What cheek! Who said she could count me as one of her admirers!
"No, seriously, Vasil, I'm naughty. I like to mope on my own, to get away from the cares of the world. I love to dream. . ."
And quite unexpectedly Lika began singing in a soft, pleasant voice:
In a little grey house on the edge of the town,
In a little grey house where sadness abides. . .
"Specially in winter," she went on. "When twilight comes and day still lingers among the purple shadows, I like to be alone and talk to yearning. . . She comes out from behind the curtain over the door—a kind, sad fairy, with ash-grey hair, just like the colour of the sea now, and she soothes me.. ."
"It's the life of luxury her father gives her that makes her have all these daft ideas!" I thought. This was the first time I had met such an outspoken philistine at close quarters.

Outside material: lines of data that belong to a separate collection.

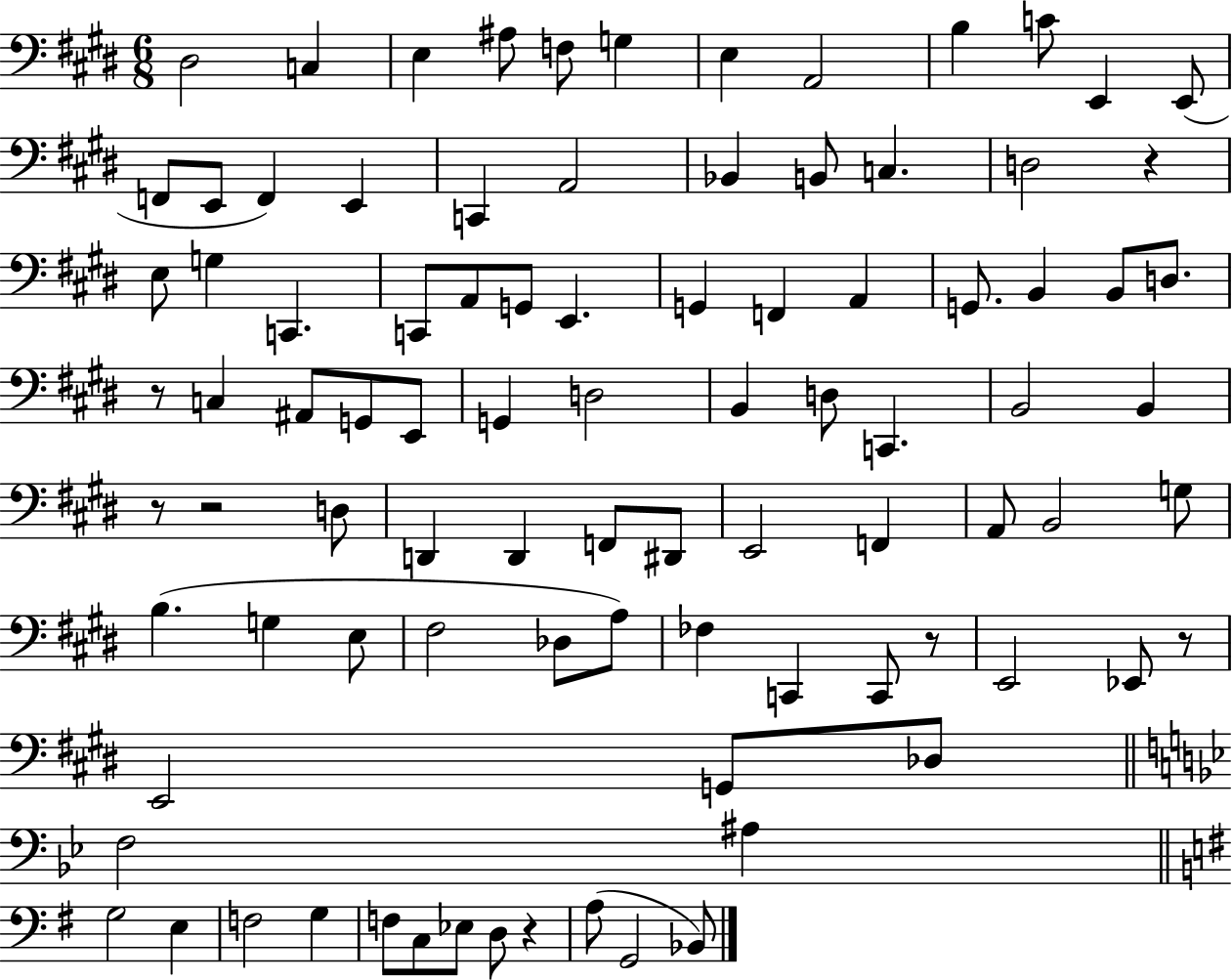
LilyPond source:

{
  \clef bass
  \numericTimeSignature
  \time 6/8
  \key e \major
  dis2 c4 | e4 ais8 f8 g4 | e4 a,2 | b4 c'8 e,4 e,8( | \break f,8 e,8 f,4) e,4 | c,4 a,2 | bes,4 b,8 c4. | d2 r4 | \break e8 g4 c,4. | c,8 a,8 g,8 e,4. | g,4 f,4 a,4 | g,8. b,4 b,8 d8. | \break r8 c4 ais,8 g,8 e,8 | g,4 d2 | b,4 d8 c,4. | b,2 b,4 | \break r8 r2 d8 | d,4 d,4 f,8 dis,8 | e,2 f,4 | a,8 b,2 g8 | \break b4.( g4 e8 | fis2 des8 a8) | fes4 c,4 c,8 r8 | e,2 ees,8 r8 | \break e,2 g,8 des8 | \bar "||" \break \key g \minor f2 ais4 | \bar "||" \break \key g \major g2 e4 | f2 g4 | f8 c8 ees8 d8 r4 | a8( g,2 bes,8) | \break \bar "|."
} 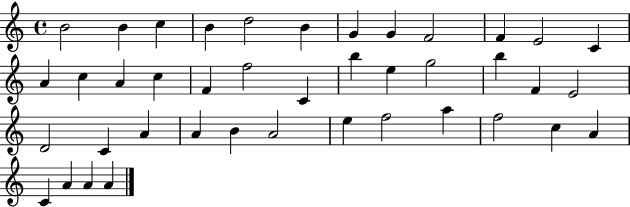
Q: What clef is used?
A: treble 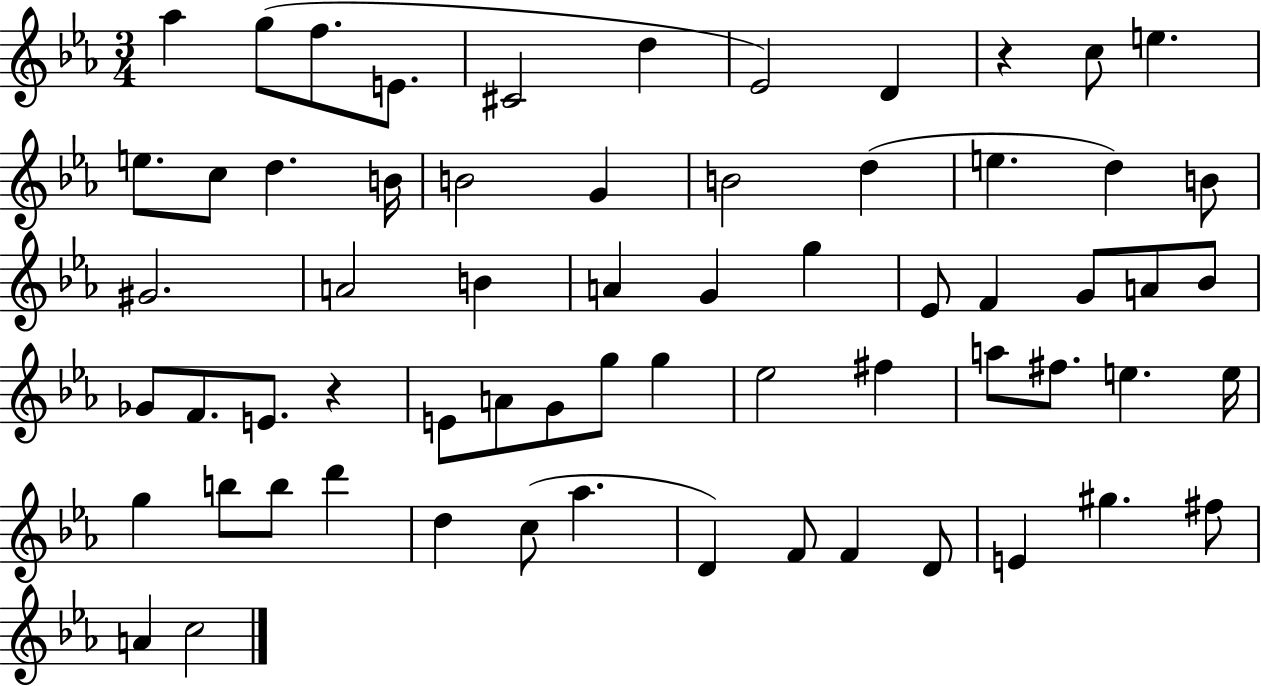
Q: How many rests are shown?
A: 2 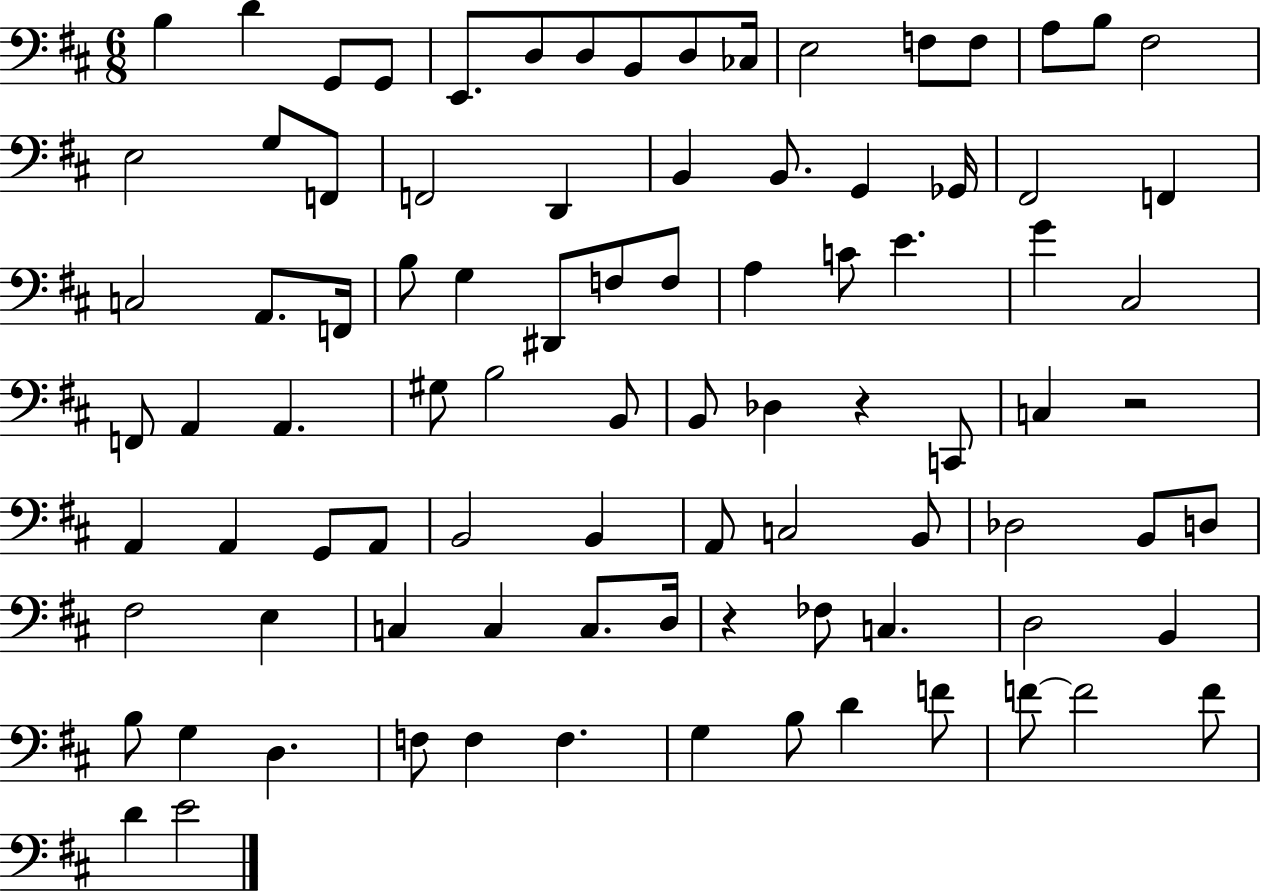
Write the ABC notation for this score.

X:1
T:Untitled
M:6/8
L:1/4
K:D
B, D G,,/2 G,,/2 E,,/2 D,/2 D,/2 B,,/2 D,/2 _C,/4 E,2 F,/2 F,/2 A,/2 B,/2 ^F,2 E,2 G,/2 F,,/2 F,,2 D,, B,, B,,/2 G,, _G,,/4 ^F,,2 F,, C,2 A,,/2 F,,/4 B,/2 G, ^D,,/2 F,/2 F,/2 A, C/2 E G ^C,2 F,,/2 A,, A,, ^G,/2 B,2 B,,/2 B,,/2 _D, z C,,/2 C, z2 A,, A,, G,,/2 A,,/2 B,,2 B,, A,,/2 C,2 B,,/2 _D,2 B,,/2 D,/2 ^F,2 E, C, C, C,/2 D,/4 z _F,/2 C, D,2 B,, B,/2 G, D, F,/2 F, F, G, B,/2 D F/2 F/2 F2 F/2 D E2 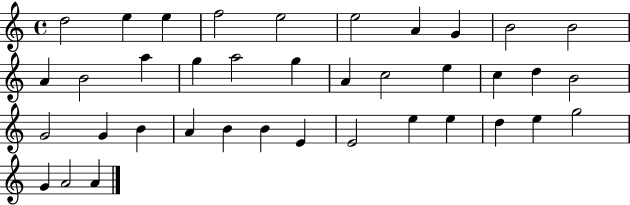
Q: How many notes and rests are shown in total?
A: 38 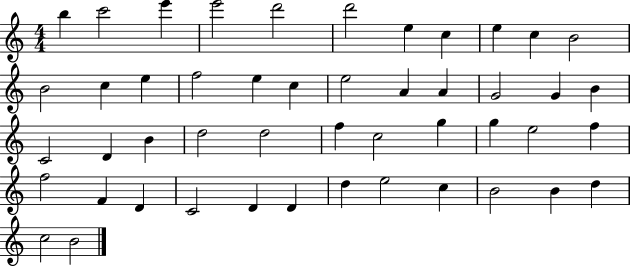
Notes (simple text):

B5/q C6/h E6/q E6/h D6/h D6/h E5/q C5/q E5/q C5/q B4/h B4/h C5/q E5/q F5/h E5/q C5/q E5/h A4/q A4/q G4/h G4/q B4/q C4/h D4/q B4/q D5/h D5/h F5/q C5/h G5/q G5/q E5/h F5/q F5/h F4/q D4/q C4/h D4/q D4/q D5/q E5/h C5/q B4/h B4/q D5/q C5/h B4/h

"What do you live for then?"
"By inertia. I'm waiting for a lucky chance. Perhaps some strong man will turn up and change everything for me."
"Why not do it yourself, without a nurse?"
"I've never tried."
"You ought to."
"Oh, I'm too bored!"
"What's the sense in living then? If you just wait for someone strong to turn up and moan: 'I'm bored, I'm bored. . .' "
I could see my words had stung Angelika sharply. Again an angry little spark leapt into her eyes, as it had done a short while ago, in Rogale-Piontkovskaya's saloon.
"And what do you live for, my dear sir? Do you enjoy your monotonous work in the foundry?"
"Monotonous?" I exclaimed indignantly. "That's just what it isn't! Today I make one kind of mould, tomorrow another. I turn out thousands of new parts. It makes me glad to think that I'm working for my people and not swindling anyone. Isn't that worth doing? Monotonous, my foot! There aren't any boring jobs, but there are boring, hopeless people."